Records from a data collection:
########################################

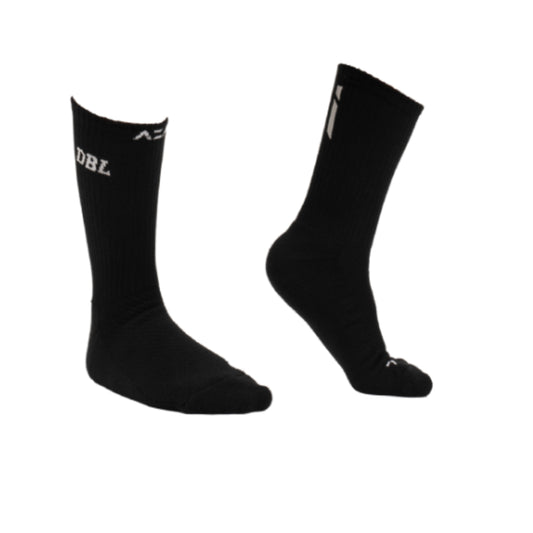 AZA X DBL Icon Crew Socks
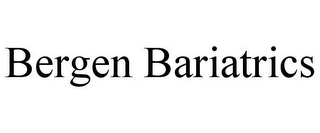 BERGEN BARIATRICS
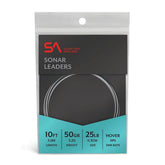 Orvis Scientific Anglers Sonar 10' Leader
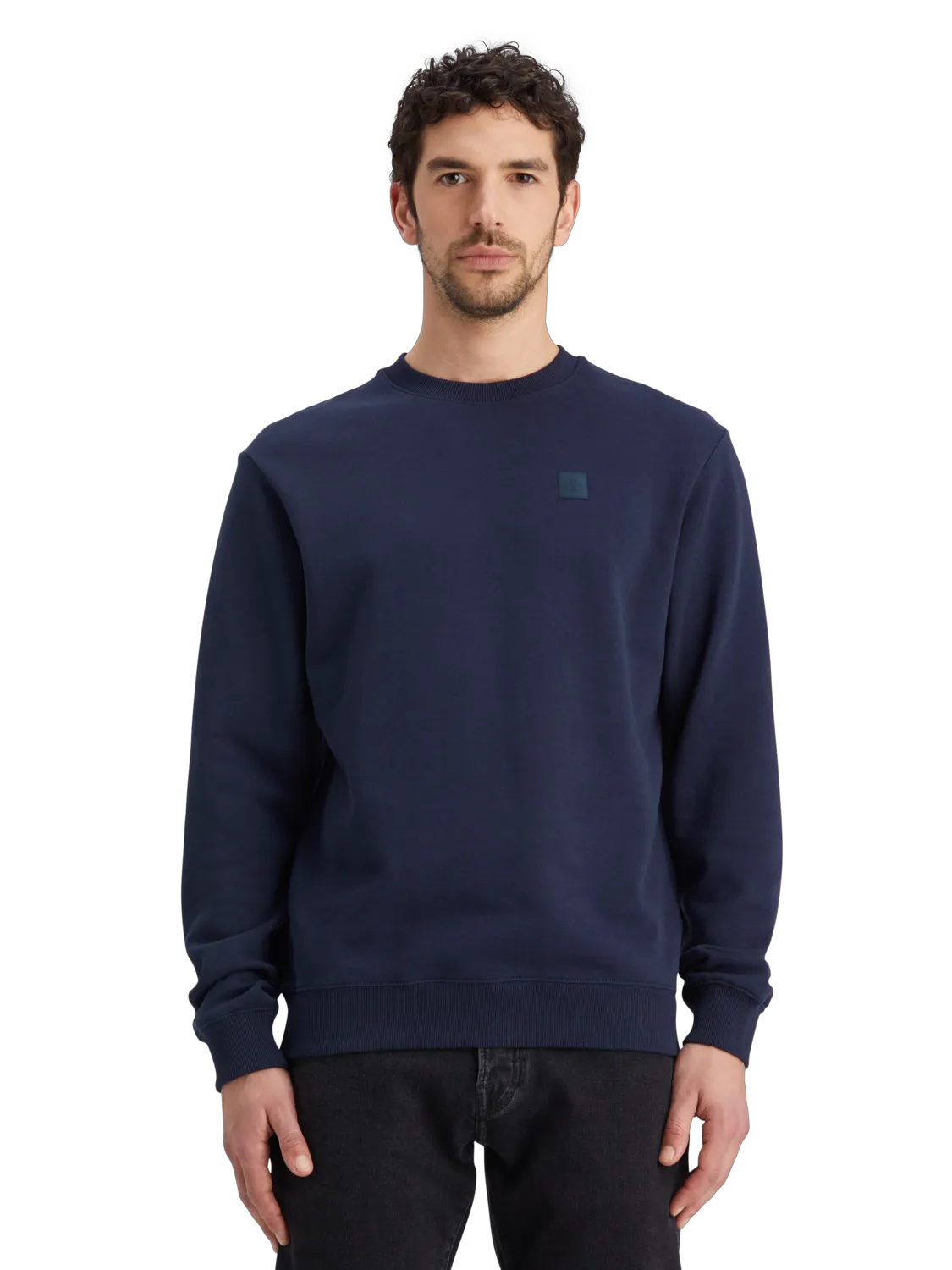 Essentials — Logo Sweatshirt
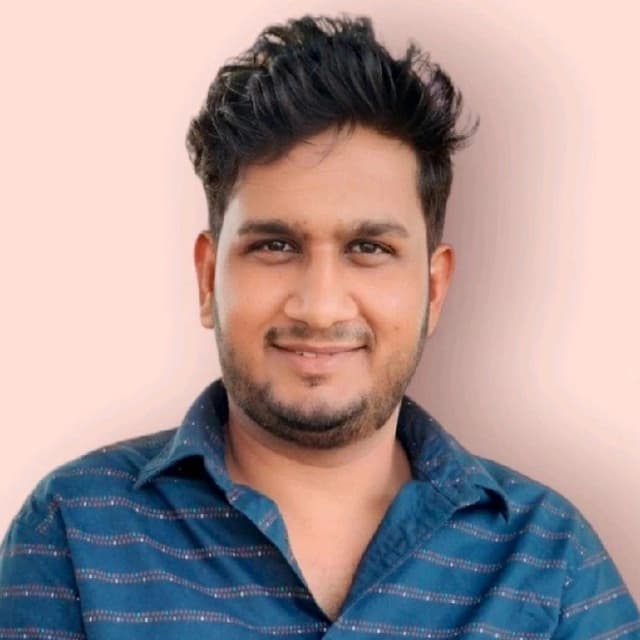 Yuvraj Singh Parmar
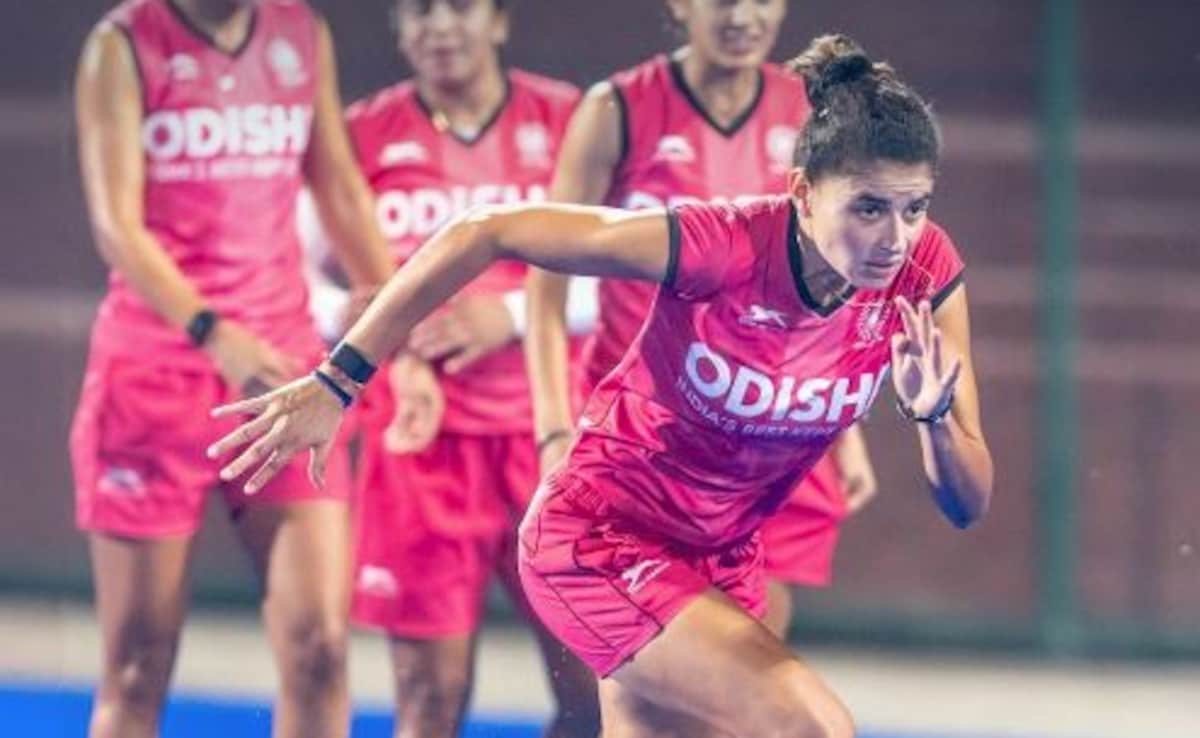 Women’s Asian Champions Trophy Hockey Matches In Rajgir Moved To Afternoon To Avoid Floodlight Insect Swarms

########################################

• Work instructions: From the line containing "BERGEN BARIATRICS" to the last line of the records above, return each line exactly, both ends included, and nothing more. Leave out the pictures.

• Task answer:
 BERGEN BARIATRICS
 Orvis Scientific Anglers Sonar 10' Leader
 Essentials — Logo Sweatshirt
 Yuvraj Singh Parmar
 Women’s Asian Champions Trophy Hockey Matches In Rajgir Moved To Afternoon To Avoid Floodlight Insect Swarms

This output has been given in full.